THE United States and Europe are on the edge of a dangerous trade confrontation.
If the trade battle is not resolved within the next 30 days, the dispute may doom the world- trade-liberalization negotiations that have been going on for six years.
Yesterday the US announced that it would impose $300 million of tariffs on European luxury exports. The 200 percent tariffs will not go into effect for 30 days, allowing negotiators some extra time to resolve the conflict. If the tariffs go into effect, the European Community (EC) says it will retaliate with duties of its own on US exports.
Trade analysts say this trade battle potentially could poison the air for broader trade reform, planned in 15 areas of commerce.
"The US feels it is on high moral ground," says Harry Freeman, a Washington-based trade consultant. However, the EC views the US as politically "unrealistic."

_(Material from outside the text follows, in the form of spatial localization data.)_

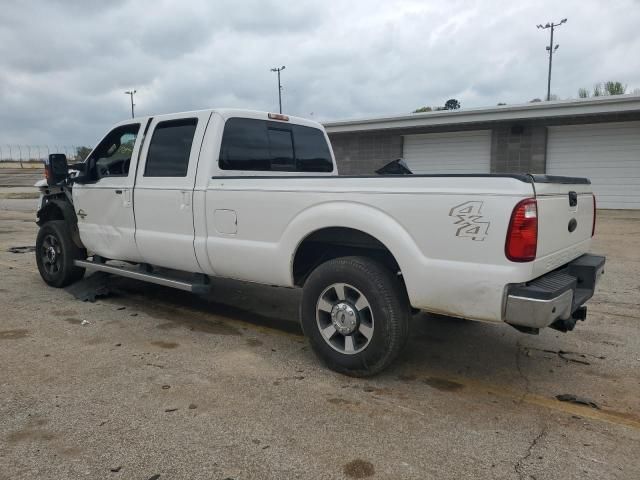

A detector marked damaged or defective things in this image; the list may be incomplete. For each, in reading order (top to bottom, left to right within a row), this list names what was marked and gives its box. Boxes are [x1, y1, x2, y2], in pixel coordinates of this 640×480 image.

cracked pavement [1, 171, 640, 478]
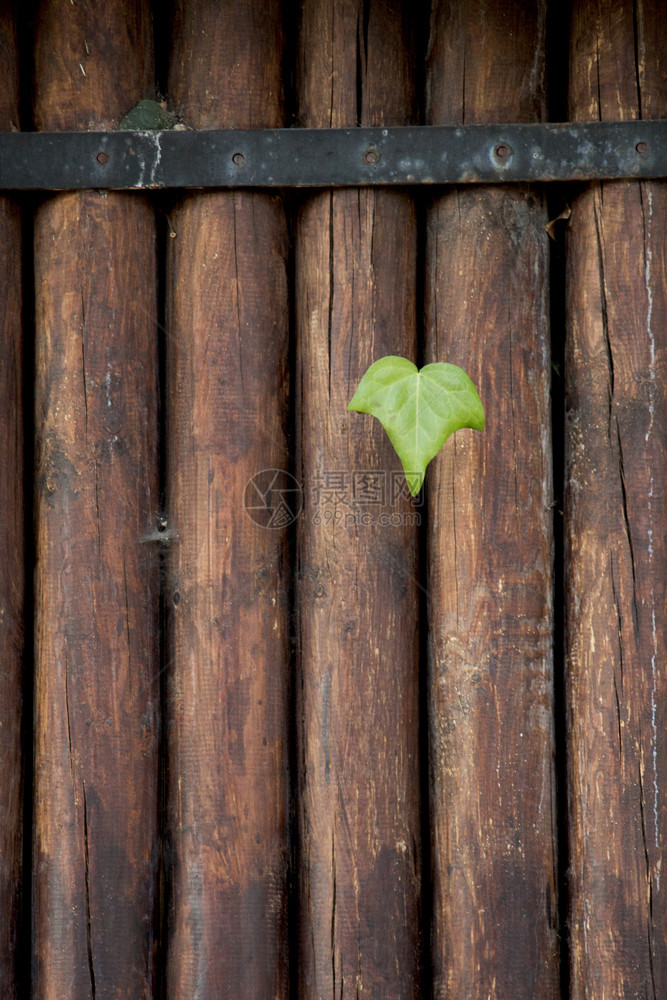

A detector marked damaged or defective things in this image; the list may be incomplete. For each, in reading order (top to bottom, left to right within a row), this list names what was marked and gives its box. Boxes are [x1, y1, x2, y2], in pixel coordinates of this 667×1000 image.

rusty metal bar [0, 119, 664, 189]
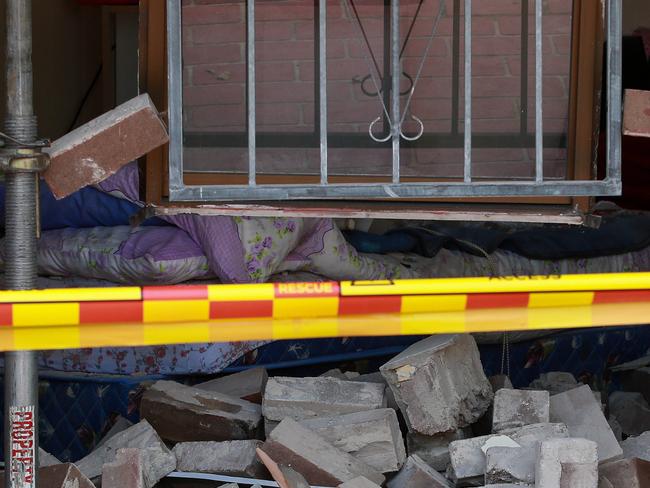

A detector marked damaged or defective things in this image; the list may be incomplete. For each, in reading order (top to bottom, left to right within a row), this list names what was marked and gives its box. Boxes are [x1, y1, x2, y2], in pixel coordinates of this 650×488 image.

broken brick [42, 92, 167, 199]
broken brick [139, 380, 260, 444]
broken brick [260, 418, 382, 486]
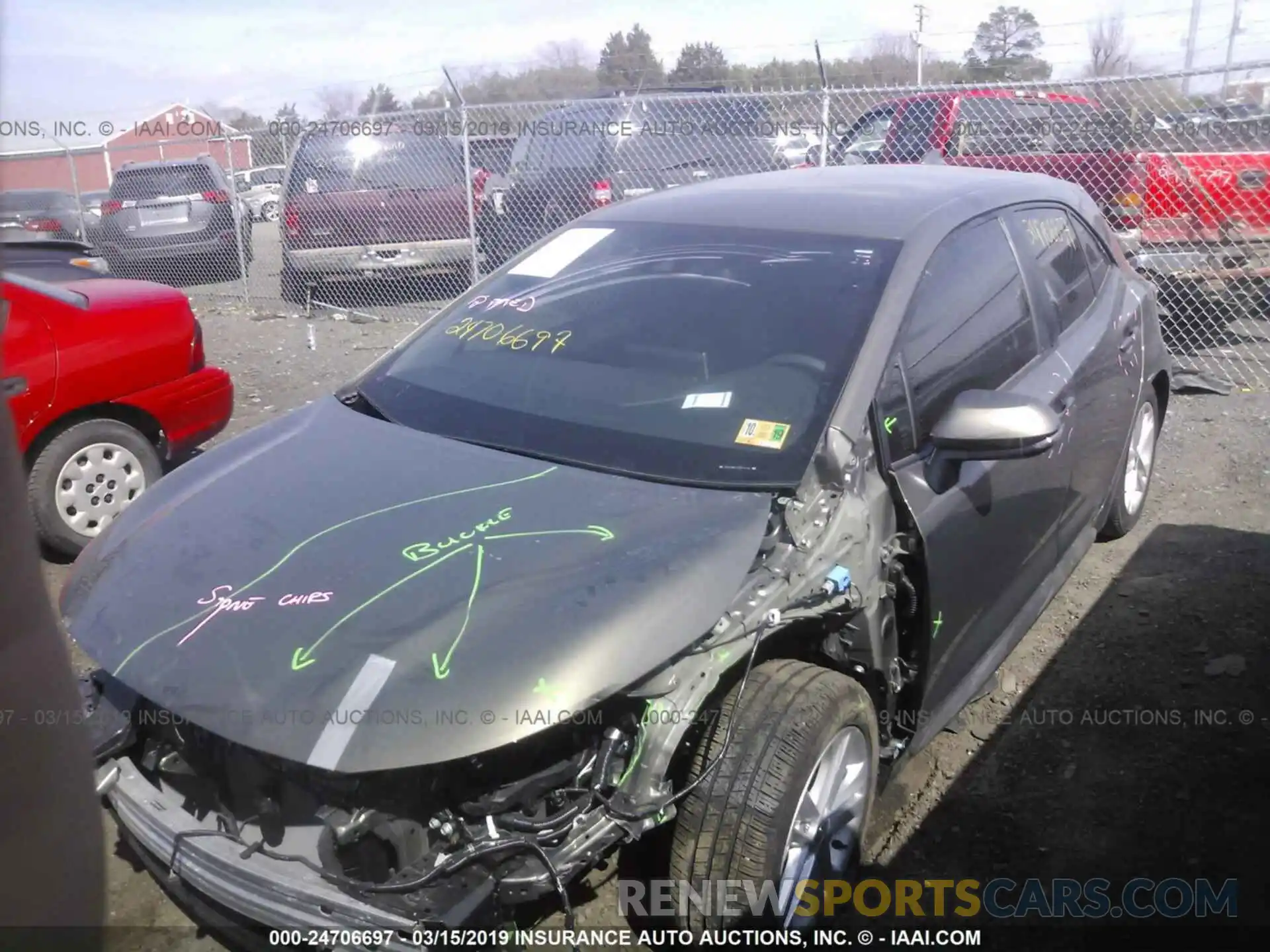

At issue is a nearly five-year-old trade dispute over oil seeds such as soybeans, sunflowers, and rapeseed. The US Department of Agriculture estimates that European subsidies are now costing US farmers $1 billion in lost orders. The United States trade representative is threatening to impose punitive tariffs worth at least that much on European farmers, particularly on French luxury foods and spirits. The French have been particularly difficult in the negotiations.
"We are hoping the US government will announce retaliation immediately and follow through as necessary," says Steve Yoder, president of the American Soybean Association and a Florida grower.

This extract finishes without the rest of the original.